It’s a scorching Friday morning. Squinting out the sun is necessary. A small crowd occupies the few pockets of shade to be found near the entrance to Montréal’s Grand Bibliothèque. Performers gather in the public area wearing long, rough-sewn yellow vests, grey-blue street clothes and sunglasses. The intervention entitled Bells 13 is the Festival TransAmériques (FTA) edition of Robin Poitras’ Bell Works series, created for her Rouge-gorge performance company. In this instance, Poitras chose thirteen artists – all of them well respected for their own creative endeavours. They seem to have two directives: to walk in stream-like patterns with their folding stools and sleigh bells in hand, or to sit and make a clamouring din (loud enough to at least challenge the inextinguishable voice of the city).
The performers sit on their stools, their knees widespread and the bells strung over their thighs. They make a rhythmic baby-jouncing movement that is unembellished by other gestures. On such a hot day the effort of repetition shows itself in the sweat on their foreheads. The performers’ canary-coloured outfits make me think of crossing guards, but it is more satisfying to imagine them as Clydesdales or Morgans – the summertime calèche horses of Montréal’s Old Port – or as off-course reindeer decked out in bells. While sitting, the performers’ arms generally fall by their sides, unless they need to alleviate a stitch or burning hip flexor and then float their limbs in the air. They sit and bounce their knees in front of the library, their gaze forward and casual. Then again near the Saint Laurent Metro station, and again, ascendant on the concrete steps of a plaza near Place des Arts, before one by one gathering their things and wandering off in the direction of the festival’s Quartier Général.
There are few choreographic changes to watch for during the seated parts of the hour-long piece, but lots to hear in the constant clatter. Although the Place des Festivals was unfortunately busy with the music of other performances, Bells 13 is, in any case, best heard from within: the dynamic spacing of bodies invites observers to circulate between the sounds strewn across Poitras’ selected outdoor locations. As I meander between two performers, or find myself at the hub of three or four, I am rewarded with the stereophonic popping of the bells’ different tones and textures. With Cage-ian ears, audience members find the pulse of the song, lean in to it attentively and listen. The clashing ring is joyous. Poitras herself best embodies that lovely ecstasy of noise and seems buoyed by performing in the heat.

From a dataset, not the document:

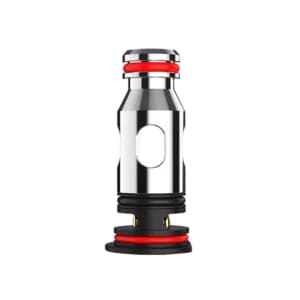 Uwell Crown D PA Ersatzcoils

Between sit-ins, the performers make processions single- or double-file, first west along De Maisonneuve and then continuing along Sainte-Catherine. They hold their bells ceremoniously in the crooks of their left elbows, palms upturned. The audience falls in step and together we form a parade, the performers’ pollen-tinted vests reminding me of a procession of Tibetan monks. I hear passersby wonder aloud if last year’s casseroles protests may have started up again under new colours, but with old sounds.